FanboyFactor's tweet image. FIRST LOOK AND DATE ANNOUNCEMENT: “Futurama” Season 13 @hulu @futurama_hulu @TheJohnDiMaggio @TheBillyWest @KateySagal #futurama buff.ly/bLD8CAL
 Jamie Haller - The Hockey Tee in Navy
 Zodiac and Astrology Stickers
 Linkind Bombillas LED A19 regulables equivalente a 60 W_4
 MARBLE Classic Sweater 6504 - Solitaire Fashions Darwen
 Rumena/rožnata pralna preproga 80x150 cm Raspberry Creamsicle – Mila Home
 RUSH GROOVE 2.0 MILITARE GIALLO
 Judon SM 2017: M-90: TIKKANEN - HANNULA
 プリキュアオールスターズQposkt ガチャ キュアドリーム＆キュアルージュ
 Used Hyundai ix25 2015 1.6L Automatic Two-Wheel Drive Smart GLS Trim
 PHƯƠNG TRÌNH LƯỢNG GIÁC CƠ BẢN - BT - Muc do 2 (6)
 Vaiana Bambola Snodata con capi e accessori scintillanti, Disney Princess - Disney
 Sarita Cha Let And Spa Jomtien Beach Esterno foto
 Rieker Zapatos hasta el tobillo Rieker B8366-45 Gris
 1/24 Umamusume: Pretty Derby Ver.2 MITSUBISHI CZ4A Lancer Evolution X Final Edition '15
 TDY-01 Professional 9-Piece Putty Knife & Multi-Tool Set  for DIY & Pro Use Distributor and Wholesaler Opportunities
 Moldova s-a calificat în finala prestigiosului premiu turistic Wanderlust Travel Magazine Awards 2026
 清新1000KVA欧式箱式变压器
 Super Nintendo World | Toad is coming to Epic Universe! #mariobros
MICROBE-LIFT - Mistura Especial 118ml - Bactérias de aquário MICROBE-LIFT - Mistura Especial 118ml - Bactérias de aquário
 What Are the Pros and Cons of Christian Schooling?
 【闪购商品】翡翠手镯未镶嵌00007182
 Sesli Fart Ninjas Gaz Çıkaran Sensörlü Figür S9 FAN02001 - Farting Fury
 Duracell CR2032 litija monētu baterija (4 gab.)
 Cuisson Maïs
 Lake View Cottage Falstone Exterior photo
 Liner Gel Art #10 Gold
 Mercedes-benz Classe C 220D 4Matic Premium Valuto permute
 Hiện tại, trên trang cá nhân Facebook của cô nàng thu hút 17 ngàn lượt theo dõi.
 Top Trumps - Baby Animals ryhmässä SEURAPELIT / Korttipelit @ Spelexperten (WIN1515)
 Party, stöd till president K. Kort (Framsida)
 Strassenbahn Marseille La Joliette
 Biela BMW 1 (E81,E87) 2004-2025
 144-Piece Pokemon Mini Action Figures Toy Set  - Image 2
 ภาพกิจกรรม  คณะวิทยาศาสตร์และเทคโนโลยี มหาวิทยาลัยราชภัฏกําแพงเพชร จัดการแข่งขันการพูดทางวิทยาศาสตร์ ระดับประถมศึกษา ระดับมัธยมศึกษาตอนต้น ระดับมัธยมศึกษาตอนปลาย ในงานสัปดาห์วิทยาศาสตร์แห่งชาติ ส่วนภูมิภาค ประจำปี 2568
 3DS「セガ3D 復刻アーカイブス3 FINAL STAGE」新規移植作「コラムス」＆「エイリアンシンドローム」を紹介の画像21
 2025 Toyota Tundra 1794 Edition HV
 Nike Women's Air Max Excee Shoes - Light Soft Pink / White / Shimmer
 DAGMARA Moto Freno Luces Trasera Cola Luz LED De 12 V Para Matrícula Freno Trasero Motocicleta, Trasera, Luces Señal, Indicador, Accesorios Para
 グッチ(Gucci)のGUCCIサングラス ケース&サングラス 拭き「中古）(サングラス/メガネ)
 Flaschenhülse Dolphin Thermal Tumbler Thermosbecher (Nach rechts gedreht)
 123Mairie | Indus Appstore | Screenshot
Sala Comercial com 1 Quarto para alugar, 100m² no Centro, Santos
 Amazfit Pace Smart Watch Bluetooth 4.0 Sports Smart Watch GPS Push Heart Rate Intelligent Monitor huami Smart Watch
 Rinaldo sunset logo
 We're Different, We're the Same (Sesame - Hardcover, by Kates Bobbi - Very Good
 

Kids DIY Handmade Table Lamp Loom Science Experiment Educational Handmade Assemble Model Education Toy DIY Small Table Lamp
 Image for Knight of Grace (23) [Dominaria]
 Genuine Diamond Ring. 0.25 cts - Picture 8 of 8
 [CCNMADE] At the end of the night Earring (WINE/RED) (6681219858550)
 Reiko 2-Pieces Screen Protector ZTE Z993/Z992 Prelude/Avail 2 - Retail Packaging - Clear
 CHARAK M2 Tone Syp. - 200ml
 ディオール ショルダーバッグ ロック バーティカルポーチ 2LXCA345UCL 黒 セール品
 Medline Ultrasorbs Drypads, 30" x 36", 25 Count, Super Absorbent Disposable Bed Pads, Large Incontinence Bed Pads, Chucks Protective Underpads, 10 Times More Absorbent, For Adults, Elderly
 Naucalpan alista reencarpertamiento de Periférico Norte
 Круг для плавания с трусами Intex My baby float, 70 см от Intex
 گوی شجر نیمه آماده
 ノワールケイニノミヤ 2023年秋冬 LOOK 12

-.-.-

> _YOUR ASSIGNMENT_
Look through the entries for lines containing the word "Smart" and return each one.

> _ANSWER FOR THE TASK_
 Used Hyundai ix25 2015 1.6L Automatic Two-Wheel Drive Smart GLS Trim
 Amazfit Pace Smart Watch Bluetooth 4.0 Sports Smart Watch GPS Push Heart Rate Intelligent Monitor huami Smart Watch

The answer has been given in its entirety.